Activity:
Go through the entries below and pick out every line with "Page".

Scraped caption text data:
- - -

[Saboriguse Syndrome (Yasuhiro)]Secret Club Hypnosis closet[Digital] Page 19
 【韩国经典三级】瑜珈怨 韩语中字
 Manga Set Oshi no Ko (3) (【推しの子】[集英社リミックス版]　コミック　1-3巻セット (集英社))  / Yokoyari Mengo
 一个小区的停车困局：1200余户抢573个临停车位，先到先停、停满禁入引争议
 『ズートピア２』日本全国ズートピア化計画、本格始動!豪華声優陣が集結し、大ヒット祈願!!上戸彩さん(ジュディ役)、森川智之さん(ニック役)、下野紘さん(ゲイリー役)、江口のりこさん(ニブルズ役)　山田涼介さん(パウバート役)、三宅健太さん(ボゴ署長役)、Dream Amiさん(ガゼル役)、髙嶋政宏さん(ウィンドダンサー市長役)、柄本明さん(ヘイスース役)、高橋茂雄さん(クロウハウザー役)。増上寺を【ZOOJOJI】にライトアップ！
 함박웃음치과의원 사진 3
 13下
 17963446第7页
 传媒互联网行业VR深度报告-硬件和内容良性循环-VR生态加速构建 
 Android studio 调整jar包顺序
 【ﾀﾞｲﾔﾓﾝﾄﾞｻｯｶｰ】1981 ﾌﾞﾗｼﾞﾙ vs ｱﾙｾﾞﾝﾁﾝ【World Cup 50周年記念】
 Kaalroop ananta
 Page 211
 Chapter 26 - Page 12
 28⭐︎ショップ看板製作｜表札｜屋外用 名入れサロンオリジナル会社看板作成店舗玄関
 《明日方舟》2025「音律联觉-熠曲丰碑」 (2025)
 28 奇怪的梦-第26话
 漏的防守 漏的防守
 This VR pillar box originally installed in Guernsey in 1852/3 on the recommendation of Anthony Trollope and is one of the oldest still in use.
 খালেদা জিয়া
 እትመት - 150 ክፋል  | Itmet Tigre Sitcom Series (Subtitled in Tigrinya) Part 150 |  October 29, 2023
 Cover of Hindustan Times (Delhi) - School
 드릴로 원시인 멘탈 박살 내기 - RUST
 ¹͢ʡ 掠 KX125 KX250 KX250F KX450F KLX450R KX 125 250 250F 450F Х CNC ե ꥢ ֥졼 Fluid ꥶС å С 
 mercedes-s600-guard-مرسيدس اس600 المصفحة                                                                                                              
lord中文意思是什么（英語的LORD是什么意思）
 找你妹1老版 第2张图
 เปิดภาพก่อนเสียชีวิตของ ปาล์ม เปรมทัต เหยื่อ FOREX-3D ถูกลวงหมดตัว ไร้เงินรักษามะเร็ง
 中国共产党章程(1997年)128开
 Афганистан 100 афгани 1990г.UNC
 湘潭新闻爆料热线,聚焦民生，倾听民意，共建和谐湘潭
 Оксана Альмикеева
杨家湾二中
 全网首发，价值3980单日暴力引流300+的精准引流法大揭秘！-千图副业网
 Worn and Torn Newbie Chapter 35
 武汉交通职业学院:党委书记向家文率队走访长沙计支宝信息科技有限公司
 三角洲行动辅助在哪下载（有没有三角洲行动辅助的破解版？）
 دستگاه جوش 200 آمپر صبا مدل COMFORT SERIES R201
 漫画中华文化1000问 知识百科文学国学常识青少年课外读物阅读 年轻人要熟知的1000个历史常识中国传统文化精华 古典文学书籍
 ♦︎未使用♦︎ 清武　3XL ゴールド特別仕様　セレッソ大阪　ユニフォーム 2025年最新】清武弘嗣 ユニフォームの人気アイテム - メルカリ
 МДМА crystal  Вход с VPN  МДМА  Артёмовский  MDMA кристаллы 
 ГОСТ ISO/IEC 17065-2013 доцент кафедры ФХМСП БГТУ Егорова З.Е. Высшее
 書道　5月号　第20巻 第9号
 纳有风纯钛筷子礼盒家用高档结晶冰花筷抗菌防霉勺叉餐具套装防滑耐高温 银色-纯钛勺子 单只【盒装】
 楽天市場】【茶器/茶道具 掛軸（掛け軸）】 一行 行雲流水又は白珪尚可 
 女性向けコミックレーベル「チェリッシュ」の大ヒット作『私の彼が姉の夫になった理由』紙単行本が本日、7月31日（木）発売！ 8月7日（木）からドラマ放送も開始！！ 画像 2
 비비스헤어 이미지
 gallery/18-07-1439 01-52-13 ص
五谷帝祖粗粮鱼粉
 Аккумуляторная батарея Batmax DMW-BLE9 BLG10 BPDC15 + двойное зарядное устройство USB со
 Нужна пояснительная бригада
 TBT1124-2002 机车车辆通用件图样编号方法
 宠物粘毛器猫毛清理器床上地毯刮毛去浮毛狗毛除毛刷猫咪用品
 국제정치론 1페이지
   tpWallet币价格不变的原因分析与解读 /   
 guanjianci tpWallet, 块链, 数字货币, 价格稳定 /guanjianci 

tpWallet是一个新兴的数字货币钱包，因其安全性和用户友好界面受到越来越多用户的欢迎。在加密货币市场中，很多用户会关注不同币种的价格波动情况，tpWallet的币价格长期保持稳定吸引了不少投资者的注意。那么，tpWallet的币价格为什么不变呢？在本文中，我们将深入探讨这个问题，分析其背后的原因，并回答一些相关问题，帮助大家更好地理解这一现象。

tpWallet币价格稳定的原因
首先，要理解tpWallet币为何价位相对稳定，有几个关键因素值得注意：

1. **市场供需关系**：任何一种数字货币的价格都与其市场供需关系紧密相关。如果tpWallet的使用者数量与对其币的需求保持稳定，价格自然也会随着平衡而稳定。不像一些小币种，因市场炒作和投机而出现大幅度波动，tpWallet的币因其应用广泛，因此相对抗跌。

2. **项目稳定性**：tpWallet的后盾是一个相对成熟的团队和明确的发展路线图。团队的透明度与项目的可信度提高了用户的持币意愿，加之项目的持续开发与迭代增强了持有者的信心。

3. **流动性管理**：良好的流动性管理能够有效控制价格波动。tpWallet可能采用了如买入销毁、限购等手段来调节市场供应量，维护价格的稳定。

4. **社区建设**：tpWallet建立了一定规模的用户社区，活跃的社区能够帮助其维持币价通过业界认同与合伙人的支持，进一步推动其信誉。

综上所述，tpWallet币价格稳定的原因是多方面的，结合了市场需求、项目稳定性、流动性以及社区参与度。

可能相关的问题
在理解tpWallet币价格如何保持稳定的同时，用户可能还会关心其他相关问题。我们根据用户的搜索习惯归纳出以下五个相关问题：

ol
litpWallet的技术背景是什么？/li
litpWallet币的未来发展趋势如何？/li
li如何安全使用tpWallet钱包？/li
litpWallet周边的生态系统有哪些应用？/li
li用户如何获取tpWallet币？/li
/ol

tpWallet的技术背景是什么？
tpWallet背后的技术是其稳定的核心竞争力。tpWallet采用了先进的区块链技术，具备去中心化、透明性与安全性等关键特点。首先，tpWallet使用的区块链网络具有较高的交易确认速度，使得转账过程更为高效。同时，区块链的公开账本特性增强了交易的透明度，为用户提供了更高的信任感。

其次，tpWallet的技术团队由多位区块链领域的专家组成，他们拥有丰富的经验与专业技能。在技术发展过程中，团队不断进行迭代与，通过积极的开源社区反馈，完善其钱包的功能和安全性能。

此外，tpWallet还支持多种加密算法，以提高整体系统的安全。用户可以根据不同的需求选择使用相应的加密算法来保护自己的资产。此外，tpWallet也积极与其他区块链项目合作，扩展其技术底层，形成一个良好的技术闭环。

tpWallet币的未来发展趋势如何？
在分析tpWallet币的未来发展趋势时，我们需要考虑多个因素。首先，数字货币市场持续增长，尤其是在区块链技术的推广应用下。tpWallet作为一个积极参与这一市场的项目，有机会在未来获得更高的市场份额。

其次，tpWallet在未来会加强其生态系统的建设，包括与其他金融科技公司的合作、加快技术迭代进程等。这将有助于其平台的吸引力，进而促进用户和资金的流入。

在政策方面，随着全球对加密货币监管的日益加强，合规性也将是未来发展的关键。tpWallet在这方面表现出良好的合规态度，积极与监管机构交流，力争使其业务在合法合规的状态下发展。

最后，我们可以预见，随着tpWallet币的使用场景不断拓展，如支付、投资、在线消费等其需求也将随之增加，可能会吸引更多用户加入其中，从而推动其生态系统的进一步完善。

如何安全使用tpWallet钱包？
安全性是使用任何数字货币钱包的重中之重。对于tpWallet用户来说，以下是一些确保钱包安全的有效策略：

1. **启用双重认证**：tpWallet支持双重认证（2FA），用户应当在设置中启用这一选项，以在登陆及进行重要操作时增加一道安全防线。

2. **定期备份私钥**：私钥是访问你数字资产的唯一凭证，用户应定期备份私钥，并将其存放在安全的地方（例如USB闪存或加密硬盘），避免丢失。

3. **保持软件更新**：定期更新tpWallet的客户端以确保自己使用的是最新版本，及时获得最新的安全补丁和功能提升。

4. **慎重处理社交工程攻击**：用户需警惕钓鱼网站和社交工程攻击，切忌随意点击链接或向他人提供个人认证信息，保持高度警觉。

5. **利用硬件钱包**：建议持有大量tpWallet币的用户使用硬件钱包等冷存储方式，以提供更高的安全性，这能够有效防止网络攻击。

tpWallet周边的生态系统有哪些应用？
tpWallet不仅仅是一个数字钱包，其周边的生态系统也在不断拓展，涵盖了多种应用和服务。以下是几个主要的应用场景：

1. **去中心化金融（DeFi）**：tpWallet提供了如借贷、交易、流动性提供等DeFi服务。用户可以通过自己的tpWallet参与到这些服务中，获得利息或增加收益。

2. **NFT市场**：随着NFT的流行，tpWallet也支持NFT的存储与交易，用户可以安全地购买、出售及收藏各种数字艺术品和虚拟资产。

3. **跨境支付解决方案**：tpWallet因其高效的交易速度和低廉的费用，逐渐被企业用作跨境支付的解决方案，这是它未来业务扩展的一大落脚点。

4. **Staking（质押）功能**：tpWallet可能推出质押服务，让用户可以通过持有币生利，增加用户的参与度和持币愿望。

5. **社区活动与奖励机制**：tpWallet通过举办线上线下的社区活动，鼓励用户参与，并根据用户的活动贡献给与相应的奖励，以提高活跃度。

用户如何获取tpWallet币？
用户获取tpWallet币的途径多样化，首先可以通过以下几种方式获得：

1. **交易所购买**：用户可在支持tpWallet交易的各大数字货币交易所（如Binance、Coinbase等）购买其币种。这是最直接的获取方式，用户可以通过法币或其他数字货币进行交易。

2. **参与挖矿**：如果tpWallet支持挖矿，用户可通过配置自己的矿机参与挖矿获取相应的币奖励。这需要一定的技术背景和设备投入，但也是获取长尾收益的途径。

- - -

Result for this exercise:
[Saboriguse Syndrome (Yasuhiro)]Secret Club Hypnosis closet[Digital] Page 19
 Page 211
 Chapter 26 - Page 12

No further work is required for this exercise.